Thank you for reporting!
This image will be automatically disabled when it gets reported by several people.



Every woman's best friend
Published in Al-Ahram Weekly on 21 - 03 - 2002


photos: Randa Shaath
Reda Ali:
Every woman's best friend
The trick to well-being and longevity is to treat your body like a bank
Profile by Yasmine El-Rashidi
Most women believe they are a three-letter word. An adjective -- a describing word. It's not that part that they mind. What bothers them, is that they cannot seem to turn themselves into the four-letter word of their dreams. They cannot, in short, transform themselves from fat, to thin.
That's where Reda Ali comes in.
"I was always food conscious," Ali says, sitting in the juice-bar of Giza's Nile-anchored Gold's Gym sipping cappuccino sprinkled with chocolate. "I don't remember ever living a junky life in terms of eating. Never."
That should not be surprising to anyone who knows his family remotely well. His mother, in a sense, was odd by the standards of social norms.
"She used to give us our pocket-money and tell us to go to the store," Ali says, smiling, almost unintentionally, through his glimmering dark eyes. "Instead of telling us to go off and buy candy and chocolate like all the other kids were doing," he continues, "she would tell us to buy a cucumber and a tomato!" He laughs in fond recollection of her unique child--rearing ways. "She was ahead of her time in that sense."
Ahead of her time enough to ingrain the concept of good nutrition as a means to good health into her children, but not quite to propel Ali to choose nutrition as his professional path of choice.
But she was close.
"I started off in agriculture," the world-renowned Egyptian nutritionist says. "I graduated in 1959 as class valedictorian, and was immediately appointed as a mu'eed (adjunct). I was proud of my academic achievements, but I was even more proud of my extra-curricular involvement in a group we formed."
The "Usra" (family), was Ali's real college triumph.
"It was a group that focused on stage acting," he says, his hands, as always, moving with expressive swiftness through the air. "Out of the group came Adel Imam, Salah El-Saadani and others. I was their adviser. I didn't act at all, but I still have a relationship with them. I always will because I was a part of their acting roots."
His tie to the actors is as strong as his tie to his mother's snacks of choice. And just as nutrition made itself heard later in his life, so too did the arts -- in slightly altered form.
"The two passions in my life now," he says, "are nutrition -- educating people -- and my poetry."
And his family, of course, he adds hurriedly.
Ali currently resides in Connecticut with his wife, Sawsan -- an exhibiting artist in the US. His three children are scattered across the United States, with a herd of grandchildren too, to the family name.

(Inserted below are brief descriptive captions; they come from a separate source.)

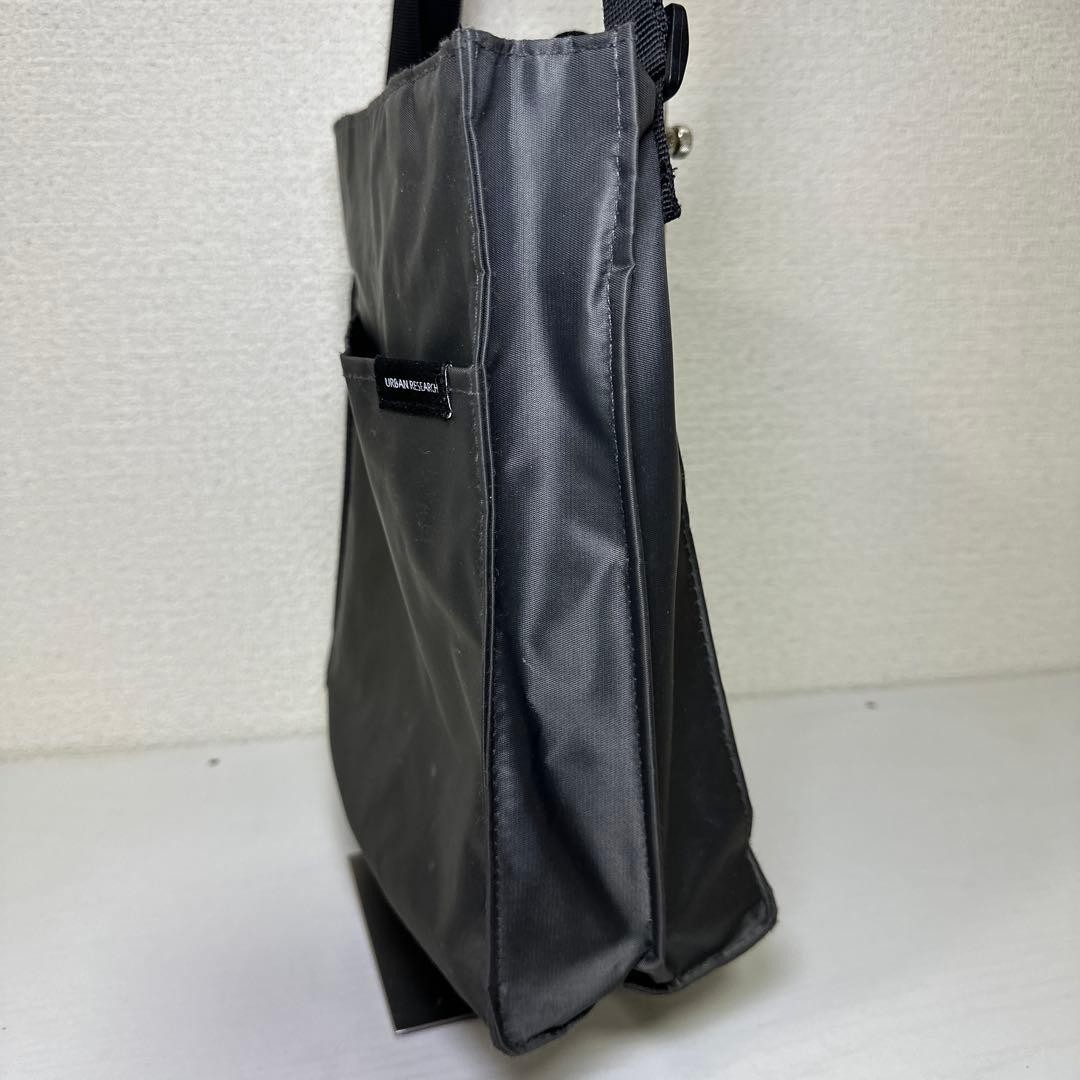 Urban Research 2WAY Shoulder Bag Tote Bag Gray Tech Type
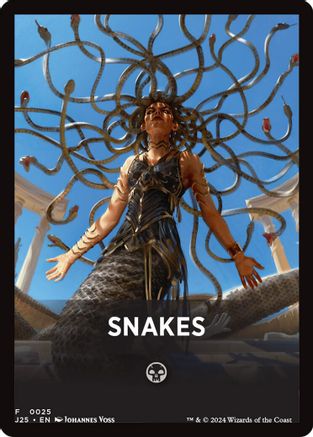Snakes Theme Card (25) [Foundations Jumpstart] - Deck Out Gaming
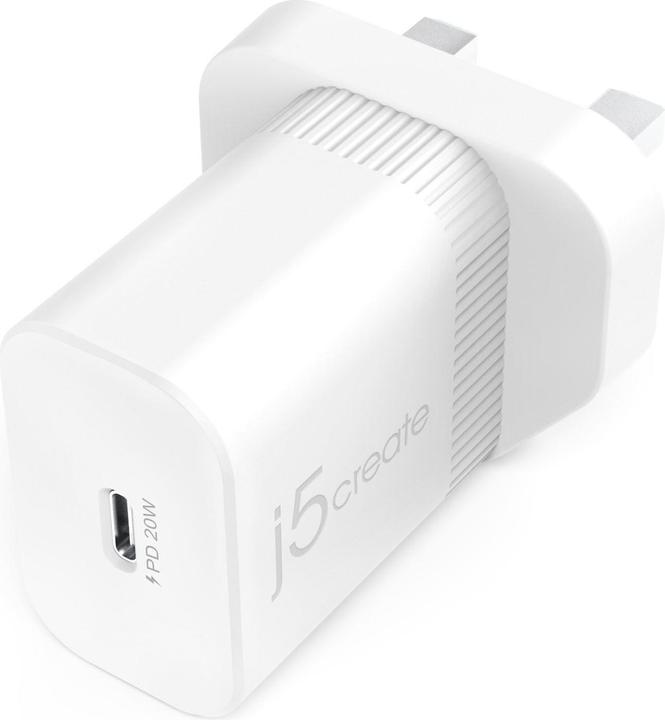 Actual product image j5Create JUP1420 Caricatore da parete PD USB-C® a 20 W - UE, Interno, AC, 12 V, 3 A, Bianco (20 W)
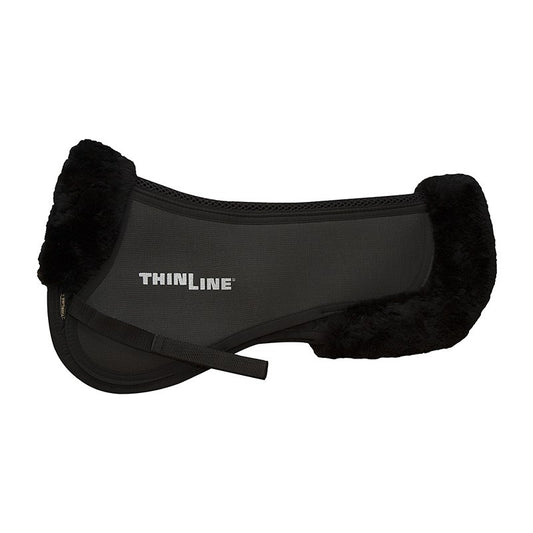 Trifecta Cotton Half Pad with Fleece Rolls Black Medium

"I came to the US a year after my college graduation. I was nominated by my college," he says matter-of-factly. "It was then that I decided I wanted to shift my field slightly. I was always conscious about what I ate, and I knew I wanted more of a medical/ clinical orientation in my classes, so I got my masters in medical and nutritional sciences from UC Davis."
Then he went on to Rutgers University and gained a PhD in nutrition.
Despite his mother's ways, it still seemed an odd choice for a man of his times, and his family and friends back home made sure that their opinions on the subject were heard.
"They thought it was a bad choice," he says of his chosen field of study. "They thought I was making a mistake. And now, when they see me eat they badger me, saying I don't eat enough!"
The problem, it seems, is that they fail to see food and eating beyond purely an act -- a mechanical act.
"I fully believe that we are what we eat," Ali says, a stern look quickly curtaining his face. "If I can influence that one way or another, I can influence not only the physical, but also the emotional and behavioural aspects of the person."
His work as a nutritionist encompasses psychology and physiology, and it falls, Ali stresses, under the category known as art.
"I look at it as an art," Ali says, his energy evident in the vibrancy of his voice. "Not a science. You have to have knowledge in various areas just as an artist needs knowledge in mixing colours to come up with a good painting," he explains. "A nutritionist needs to know not only about the science, but also the human behaviour, the human mind, and behavioural change. We need to understand the behaviour that makes you eat more than your norm."
It is not, in sum, as simple as it seems, for if you are what you eat, then nutrition equals you, and thereby, nutrition is the mirror of your life.
"Going further into my sub-specialty of infant nutrition, made me even more aware of what an enormous responsibility I have in undertaking this career," he says. "During infanthood, the only source of nutrition is what you put in the bottle."
A duty daunting in its mere implications. One, however, that Ali thrived on.
"I enjoyed it," he says, shifting in his chair. "Tremendously."
Tremendously enough to take it one step further. After a year home in Cairo lecturing at the university, and a year in London for post-doctoral research, Ali returned to Rutgers as an assistant professor. There, he delved deeper into nutrition; clinical and intravenous.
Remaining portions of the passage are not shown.